> _WHAT YOU NEED TO DO_: Take the entries below and print only the lines from the one with "Candy Cane Christmas" through the one with "Claudie Pierlot Gebreid vest met rits Zwart", exactly as they stand, both ends included.

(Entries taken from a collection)
■ ■ ■ ■ ■
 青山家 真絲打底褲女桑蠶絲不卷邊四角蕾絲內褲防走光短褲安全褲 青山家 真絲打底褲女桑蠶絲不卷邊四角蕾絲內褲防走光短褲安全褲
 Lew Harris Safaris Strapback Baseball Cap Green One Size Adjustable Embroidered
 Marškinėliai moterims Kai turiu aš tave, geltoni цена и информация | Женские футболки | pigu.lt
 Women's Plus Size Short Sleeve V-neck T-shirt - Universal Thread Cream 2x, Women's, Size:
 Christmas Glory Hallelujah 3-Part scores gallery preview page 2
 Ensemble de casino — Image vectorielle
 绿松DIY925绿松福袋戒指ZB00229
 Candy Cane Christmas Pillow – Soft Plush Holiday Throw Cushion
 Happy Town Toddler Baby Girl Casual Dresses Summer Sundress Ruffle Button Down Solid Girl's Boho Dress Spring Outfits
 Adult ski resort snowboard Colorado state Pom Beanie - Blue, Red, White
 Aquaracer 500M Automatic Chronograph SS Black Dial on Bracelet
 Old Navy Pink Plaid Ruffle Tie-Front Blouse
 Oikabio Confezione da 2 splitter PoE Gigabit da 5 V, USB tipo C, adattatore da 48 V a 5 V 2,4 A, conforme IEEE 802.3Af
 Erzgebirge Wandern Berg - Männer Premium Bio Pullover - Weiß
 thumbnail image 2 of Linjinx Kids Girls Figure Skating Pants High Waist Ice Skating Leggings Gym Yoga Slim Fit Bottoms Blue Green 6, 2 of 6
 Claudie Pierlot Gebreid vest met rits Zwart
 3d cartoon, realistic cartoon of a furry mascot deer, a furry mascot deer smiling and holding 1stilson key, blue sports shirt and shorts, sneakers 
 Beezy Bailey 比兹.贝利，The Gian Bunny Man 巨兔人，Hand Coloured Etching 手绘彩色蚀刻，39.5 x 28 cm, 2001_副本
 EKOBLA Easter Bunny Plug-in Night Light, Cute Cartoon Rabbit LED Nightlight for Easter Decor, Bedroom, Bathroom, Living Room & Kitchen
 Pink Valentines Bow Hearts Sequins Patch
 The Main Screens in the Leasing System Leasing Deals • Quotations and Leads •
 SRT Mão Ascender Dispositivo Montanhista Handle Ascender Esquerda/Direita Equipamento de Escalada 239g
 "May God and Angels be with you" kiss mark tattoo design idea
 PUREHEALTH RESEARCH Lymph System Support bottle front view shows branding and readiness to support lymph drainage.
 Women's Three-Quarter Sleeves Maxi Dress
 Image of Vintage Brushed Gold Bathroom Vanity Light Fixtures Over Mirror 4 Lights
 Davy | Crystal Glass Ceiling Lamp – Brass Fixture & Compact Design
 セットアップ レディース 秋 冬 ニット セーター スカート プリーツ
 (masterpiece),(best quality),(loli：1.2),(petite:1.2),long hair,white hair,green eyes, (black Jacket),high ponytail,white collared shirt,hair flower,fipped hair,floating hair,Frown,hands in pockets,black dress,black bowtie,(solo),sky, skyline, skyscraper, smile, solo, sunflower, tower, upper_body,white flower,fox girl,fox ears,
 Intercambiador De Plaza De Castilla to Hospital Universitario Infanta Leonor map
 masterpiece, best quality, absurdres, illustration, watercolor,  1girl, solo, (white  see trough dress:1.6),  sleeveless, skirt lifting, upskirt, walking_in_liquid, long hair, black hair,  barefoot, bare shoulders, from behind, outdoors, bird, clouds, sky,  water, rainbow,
■ ■ ■ ■ ■
> _WRITTEN RESPONSE_:
 Candy Cane Christmas Pillow – Soft Plush Holiday Throw Cushion
 Happy Town Toddler Baby Girl Casual Dresses Summer Sundress Ruffle Button Down Solid Girl's Boho Dress Spring Outfits
 Adult ski resort snowboard Colorado state Pom Beanie - Blue, Red, White
 Aquaracer 500M Automatic Chronograph SS Black Dial on Bracelet
 Old Navy Pink Plaid Ruffle Tie-Front Blouse
 Oikabio Confezione da 2 splitter PoE Gigabit da 5 V, USB tipo C, adattatore da 48 V a 5 V 2,4 A, conforme IEEE 802.3Af
 Erzgebirge Wandern Berg - Männer Premium Bio Pullover - Weiß
 thumbnail image 2 of Linjinx Kids Girls Figure Skating Pants High Waist Ice Skating Leggings Gym Yoga Slim Fit Bottoms Blue Green 6, 2 of 6
 Claudie Pierlot Gebreid vest met rits Zwart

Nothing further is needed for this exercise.